Source: Political Affairs
One cannot sum up developments in Africa in a single article, report or even book. Africa is an enormous continent, the second largest both geographically and by population, being home to nearly 900 million people.
It is also the least understood continent among the US people. There are more myths and misunderstandings about Africa than perhaps any other place. In fact, while most places in the world are identified by country, Africa is often treated as one big place. This ignorance is largely due to racism and the legacy of slavery. Of course, it is also due to the racist inattention by the media and US foreign policy, which is in equal measures dismissive and scandalizing.
But things are changing. There is a new interest in Africa among the US public today and a new focus in government policy. Beginning with President Clinton’s historic tour in 1998, there has been more debate and discussion of African issues than since the end of apartheid. The debate over trade with and aid to Africa has been in Congress as well. This June, Africa was on the cover of Vanity Fair magazine in a special issue edited by popstar and UN peace ambassador Bono. Of course, the highly public campaigns against human rights violations in Darfur, Sudan have also been a major factor in putting the continent on the US political agenda.

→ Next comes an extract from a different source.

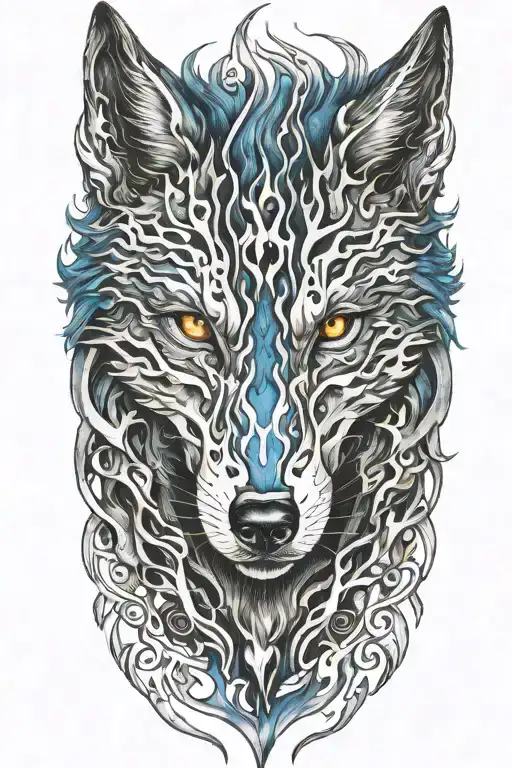 wolf blue eyes fire flames tattoo design idea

2007 is also a historic marker. It has been 50 years since Ghanaian independence. Ghana is the first liberated country in sub-Saharan Africa. The architect of Ghanaian liberation, Kwame Nkrumah, was also the champion of continental unity and Pan-Africanism. The golden anniversary of Ghana’s independence has been celebrated around the continent because that country’s freedom symbolizes the beginning of the era of African liberation. The General Assembly of the African Union (AU), the continental governmental organization made up of 53 member states, recently met in Accra, Ghana partly in honor of the occasion.
I cannot give a serious account of African history here, but some broad conclusions can be made. The history of colonialism, conquest and foreign domination plague Africa today and is the source of many of the root causes of the conflicts and crisis throughout the continent. And of course, the ongoing political, military and economic intervention of the imperialist powers continues to affect African developments.

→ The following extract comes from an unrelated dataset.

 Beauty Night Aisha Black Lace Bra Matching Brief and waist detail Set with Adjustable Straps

One of the main challenges before us is to understand how Africa went from being the frontline of the international struggle for national independence and against imperialism to becoming a continent of crisis, corruption, poverty and war. African nations like Ghana in 1957, Algeria in 1962, and Kenya in 1963, were beacons of anti-colonial struggle worldwide and were examples to liberation movements in Asia and the Middle East.
The Pan-African movement throughout the 20th century played a key role in creating continental unity to solve the problems of colonialism, neocolonialism, racism and poverty. Also, it should be noted that the Soviet Union and other socialist countries financed and trained many of the national liberation movements. Many of those movements not only had Marxists in their leadership, but several enshrined Marxism-Leninism in their statutes and principals. Many of them, however, abandoned Marxism in name and practice following the crisis in socialism in the early 1990’s.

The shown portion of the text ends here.